Rustling. Someone is crawling into the cave. I know the deal; I close my eyes tightly. With my face flat on the grass, I attempt to relax my body.
By listening, I try to determine where he or she is in the igloo, but the grass and plants make everything too muffled.
I don’t even know if he or she is standing or is leaning over me on all fours. Then one of the melon halves is suddenly picked up. I am startled, but I do not move. I hear the person digging his or her fingers into the flesh of the fruit, pulling off a chunk, squeezing it so that juice comes running out. Rustling of clothes. Then a brief silence. Suddenly a cold, wet finger is placed on my lower back to the left of my spine.
The finger stays cold, the finger moves, the finger draws the same pattern a few times. I know the deal. Slowly I get used to the handwriting, the size of the letters. I, writes the finger. I keep my eyes firmly closed. ‘I,’ I say hoarsely, quietly to the grass.
The finger moves. Am, writes the finger. ‘Am,’ I say quietly to the grass.
The finger moves. A, writes the finger. ‘A,’ I say to the grass.
The finger moves. Lass, writes the finger. I don’t understand. ‘Lass?’ I ask the grass.
The finger moves. At first I don’t know what the finger is writing. I remain still. The finger writes it again. Then I understand, pull my mouth into a grin and feel a blade of grass flick against my teeth. ‘O,’ I say quietly to the grass. ‘Lasso.’
It’s hard to hit on someone with just a finger and some melon juice. But ‘lasso’ is a soft word. It becomes a loop of orange melon flesh and sugar, with me at the centre of that lasso as I press naked against the grass floor, relaxing, raising my knees and spreading
And as I say ‘lasso,’ the finger does not let go. It closes the o and moves on to glide slowly down along my backbone.
The o of lasso is an inhalation. Lasso finger slides between my buttocks, strokes my anus, places its tip against it. It’s too intense, I clench my sphincter, almost pulling the finger inside. The hand that is a lasso squeezes juice from the melon onto my buttocks. The cold drops startle me. I groan. The lasso pushes a little further. Now I squeeze my eyes firmly shut. More juice. Lasso even deeper. Stroking. Moving. More juice. Sugar juice and tightening. Far too quickly, I let go.

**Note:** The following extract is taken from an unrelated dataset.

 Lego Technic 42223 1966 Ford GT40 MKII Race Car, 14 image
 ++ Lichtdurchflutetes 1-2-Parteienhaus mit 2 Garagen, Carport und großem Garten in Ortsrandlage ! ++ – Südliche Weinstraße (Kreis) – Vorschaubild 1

When I have stopped shaking, the finger draws a line up along my backbone to my neck and gives the muscle there a quick squeeze between thumb and forefinger. I can tell from the rustling that he or she is crawling through the cave entrance. The patterns of juice dry on my back, becoming a sticky layer of sugar.

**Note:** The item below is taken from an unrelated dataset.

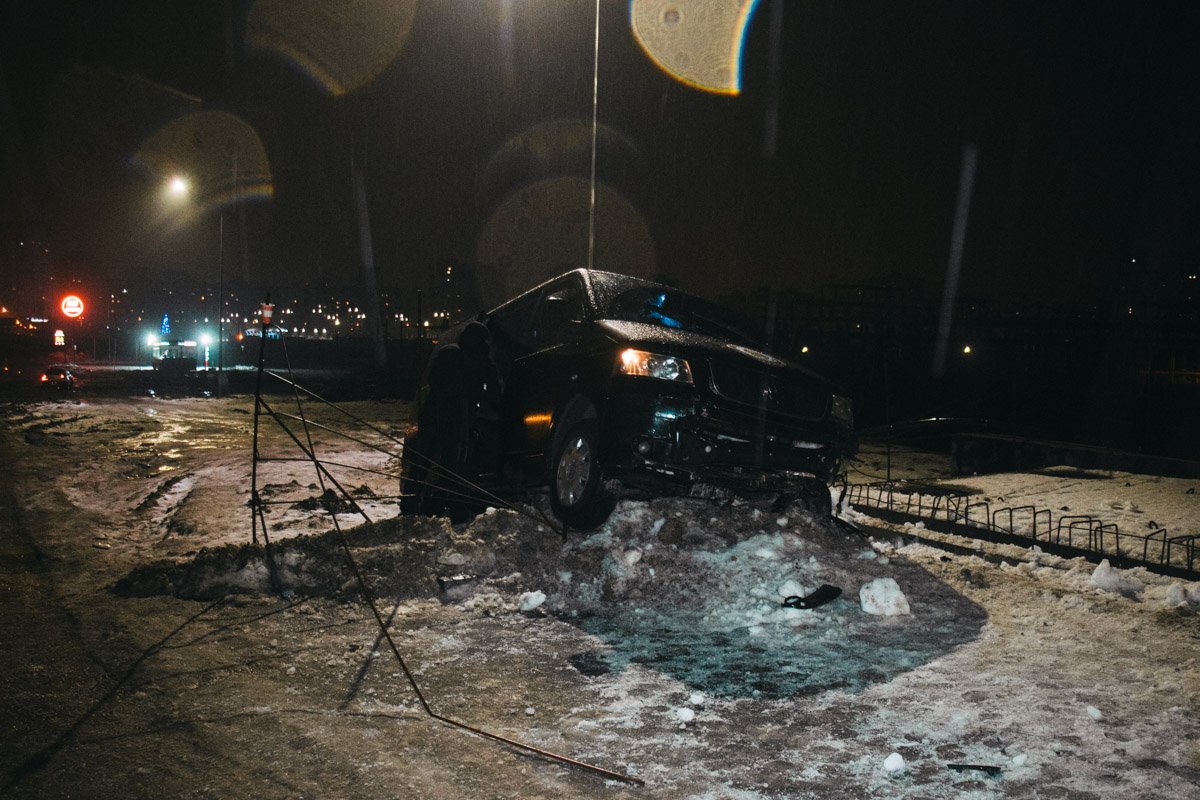 Автомобиль Volkswagen Transporter слетел с проезжей части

I lie there, but not for too long. I count to one hundred, then get up and put on my clothes. The two melon halves are lying on the ground, one still intact, the other a bowl full of juice and pulp. I pick up the used half. With my lips, I feel the tracks carved by the fingers in the fruit. I take a sip of the juice, but I do not swallow.
I walk along the moonlit melon tunnel back to the lift. Not furtively, but walking tall, hurrying, almost happy. My mouth is closed. I take the lift up.
It is hot in the sunbathing area. Girls in bikinis are lying flat on their backs in the sunshine, boys are sitting cross-legged, playing chess and drinking beer. The sun is directly above the park tower. I look out of place in my jeans and my dark-blue jacket. I stop in the busiest section. No one looks at me. I open my eyes as wide as I can, gaze into the sun and swallow.